Goldman Sachs on Gold – “most immediate compelling upside opportunity”


Investment bank giant Goldman Sachs’ Commodities Research Team have come out strongly on gold’s prospects stating it is a “most immediate compelling upside opportunity”, citing the prospect of lower rates ahead, USD weakness and escalating geopolitical risk. Ultimately, that is about REAL rates coming down.

One of gold’s primary correlations is real rates, that is, nominal rates less inflation. Nominal rates are often quoted as the 10 year U.S. Treasury yield not the US Fed Funds Rate as it is more about what the market thinks rather than what the Fed wants.  2022 and 2023, as bond holders know painfully well, saw a big plunge in bond prices meaning rising bond yields (given the direct inverse relationship). Whilst inflation rose too, the rates won the fight and we saw rising real interest rates.  That would normally see gold decline and in 2022 that was indeed the case.  But then in late 2022, gold demonstrably broke that trend and started its secular rally that is still intact.

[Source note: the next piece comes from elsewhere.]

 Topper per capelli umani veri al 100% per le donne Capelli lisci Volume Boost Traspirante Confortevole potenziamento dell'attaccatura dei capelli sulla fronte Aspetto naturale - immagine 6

10 Year yield (inv) (R1) vs Spot Gold Price (L1) chart - 2 Year timeframe

 

The reasons for this break in that normal correlation are many.  In part it was ‘smart’ money looking forward and seeing where this must (and is) inevitably ends and front running the buying of gold. Those who follow our monthly Global Liquidity – Gold & Bitcoin updates will also know late 2022 marked the bottom of the global (critically, not just U.S.) liquidity cycle and gold’s correlation with that. New money is pouring into the global economy (in large part to pay the interest on all the debt and China trying to kickstart its economy) and gold LOVES that as it stands as the primary REAL money amongst all this new fake/Fiat ‘money’.

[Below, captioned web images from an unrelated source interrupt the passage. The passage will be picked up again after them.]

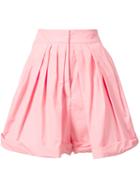Vika Gazinskaya - Pleated Tailored Shorts - Women - Cotton - 40, Pink/purple, Cotton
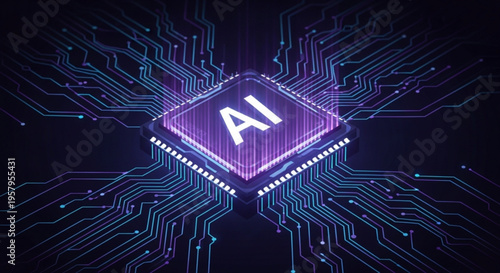 Artificial intelligence ai chip with glowing purple circuit board technology background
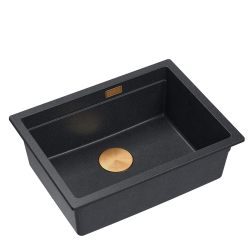 LOGAN 100 GraniteQ zlewozmywak black diamond 56x45x21,5 cm 1-komorowy podwieszany z syfonem manualnym miedziany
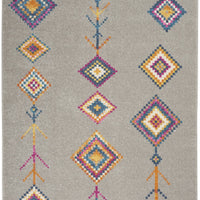 4’ x 6’ Gray and Multicolor Geometric Area Rug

But as of late last year, as the general market started to see the Fed’s rate cutting cycle and injection of new money dead ahead, we saw the return of the real rates / gold correlation.

10 Year yield (inv) (R1) vs Spot Gold Price (L1) chart - 2 Month timeframe

 

Despite the global geopolitical tensions posing a threat to inflation, Goldmans are still in the falling inflation camp and so for them it is a nominal rates falling faster than inflation equation for the real rates correlation, but the geopolitical situation and quickly softening economy (be that the hard landing big recession or soft landing little recession) will drive the safe haven component as well.

On any account 2024 looks incredibly constructive for gold on multiple fronts and drivers. Goldmans have at least addressed the break in real rates driver in 2022 and 2023 that was confusing some ‘traditional’ buyers as now being removed and are constructive on Wall Steet coming back in via ETF’s etc because:

“participants are now focused on catalysts which can drive gold prices higher.

In that context, we note that ETF investment demand has yet to turn a corner and the COMEX speculative positioning data shows net length (currently at 87th percentile) have plenty of upside left.”